((
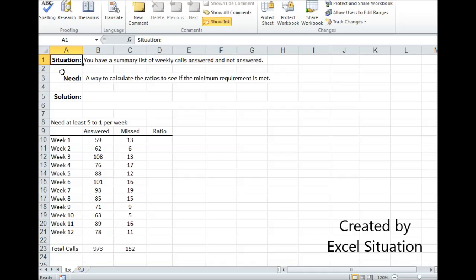Here's the situation. We have a summary list of weekly calls answered and not answered. What you need is a way to calculate the ratios to see if the minimum requirement is met.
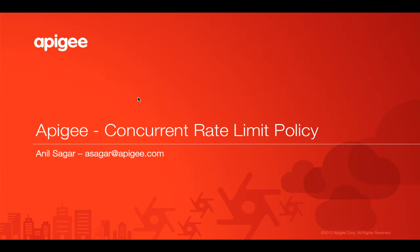Hello everyone, welcome to Apigee 4-minute videos for developers. In this video we are going to talk about Apigee concurrent rate limit policy and how it works.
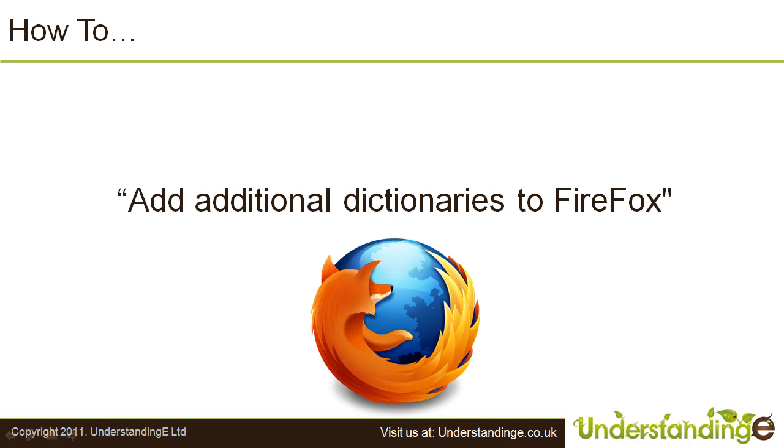Hi, this is Matt from Understanding E. This is just a quick how-to on how to add additional dictionaries to Firefox.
))
# [Task goal]
Every line above should be duplicated exactly; the pictures are to be left out.

# [Output of the exercise]
Here's the situation. We have a summary list of weekly calls answered and not answered. What you need is a way to calculate the ratios to see if the minimum requirement is met.
Hello everyone, welcome to Apigee 4-minute videos for developers. In this video we are going to talk about Apigee concurrent rate limit policy and how it works.
Hi, this is Matt from Understanding E. This is just a quick how-to on how to add additional dictionaries to Firefox.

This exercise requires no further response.